La sua distribuzione è ubiquitaria, con una prevalenza nella popolazione generale che va dallo 0,3% all’1,4%. La frequenza di infezione in una popolazione normale di donne gravide è calcolata intorno allo 0,55-2,9%. Tali percentuali aumentano nei gruppi ad alto rischio di contrarre l’infezione.

Baby boomers o portatori di infezione

Ad essere portatori dell’infezione sono soprattutto i cosiddetti 'baby boomers', che si sono infettati prima che si isolasse il virus a causa di trasfusioni, strumenti chirurgici non sterilizzati e cattive condizioni igieniche. Per quanto riguarda i nuovi casi, il sistema Seieva, gestito dall’Istituto Superiore di Sanità, ha registrato una stabilizzazione dei tassi tra 0,2 e 0,3 per 100.000 abitanti, a partire dal 2009. Un dato, rilevato negli ultimi anni, è l’aumento dell’età dei nuovi casi, tanto che nel 2013 la fascia di età maggiormente colpita è stata quella 35-54 anni, mentre riguardo alla distribuzione per genere c’è equilibrio tra uomini e donne.

Fattori di rischio

I maggiori fattori di rischio sono: interventi chirurgici, rapporti sessuali non protetti e uso di droghe per via endovenosa.

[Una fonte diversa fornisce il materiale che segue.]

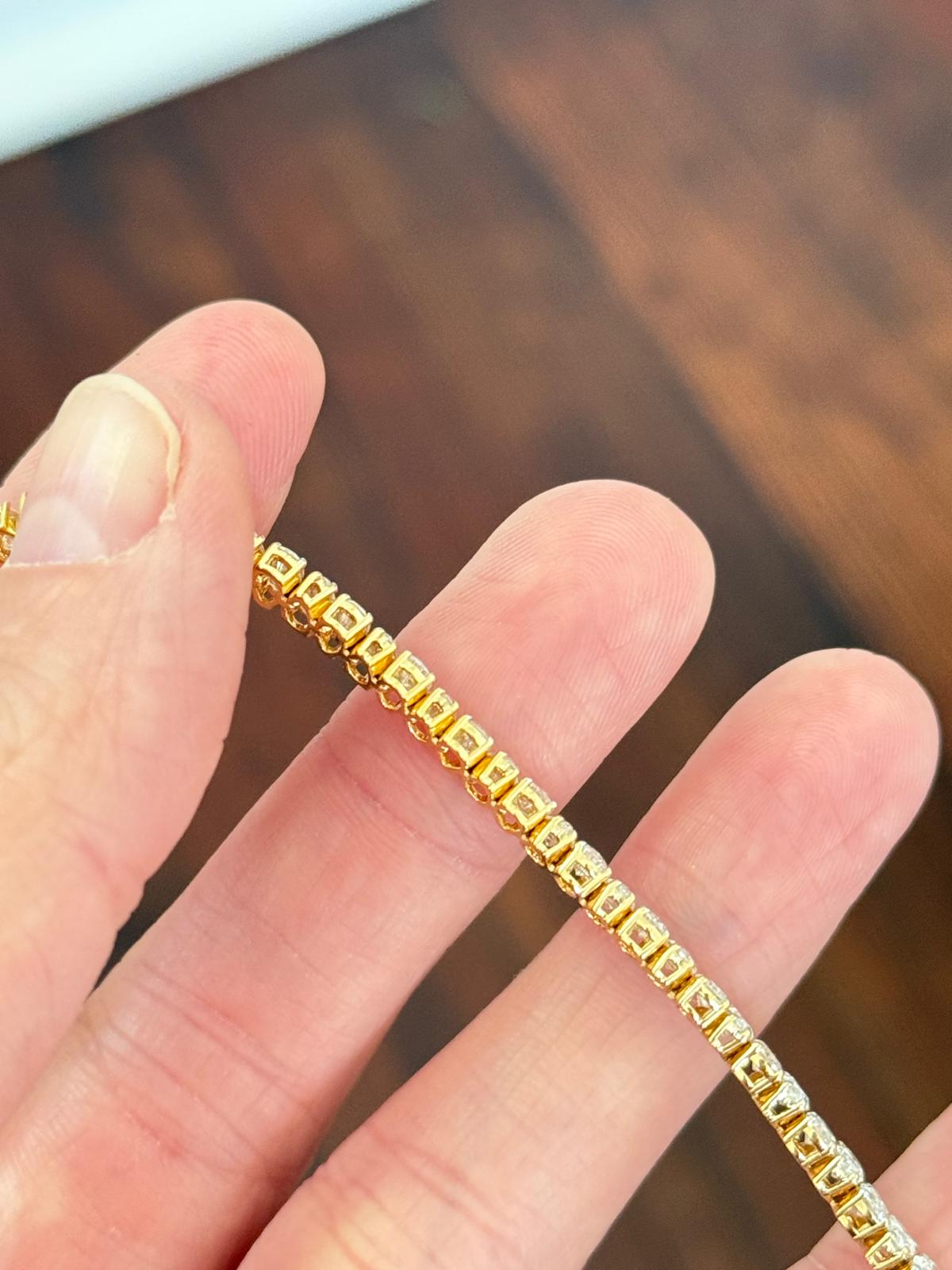 Yellow Gold 7.15ct Pear Shape Lab Diamond 7" Bracelet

Nuove terapie contro il virus

La nuova molecola sofosbuvir - capace di eliminare la malattia e attualmente autorizzata in Italia - è un inibitore della Rna polimerasi, un enzima indispensabile al virus per replicarsi. Contrariamente alle altre terapie, che al massimo tengono sotto controllo il virus nel 50-70% dei casi, questa, nei test sui pazienti, ha raggiunto la totale eradicazione su una percentuale superiore al 90%. Negli Usa la terapia, dal costo di 84mila dollari (66mila euro) a paziente, è già stata data a circa 70mila malati. In Europa alcuni paesi come la Germania, che hanno relativamente pochi casi, l’hanno adottata subito, mentre altri 14, fra cui l'Italia e la Francia, hanno iniziato una trattativa per poter abbassare il prezzo. Nel giro di 2-3 anni sono comunque in arrivo altri cinque o sei farmaci della stessa classe, tutti egualmente promettenti.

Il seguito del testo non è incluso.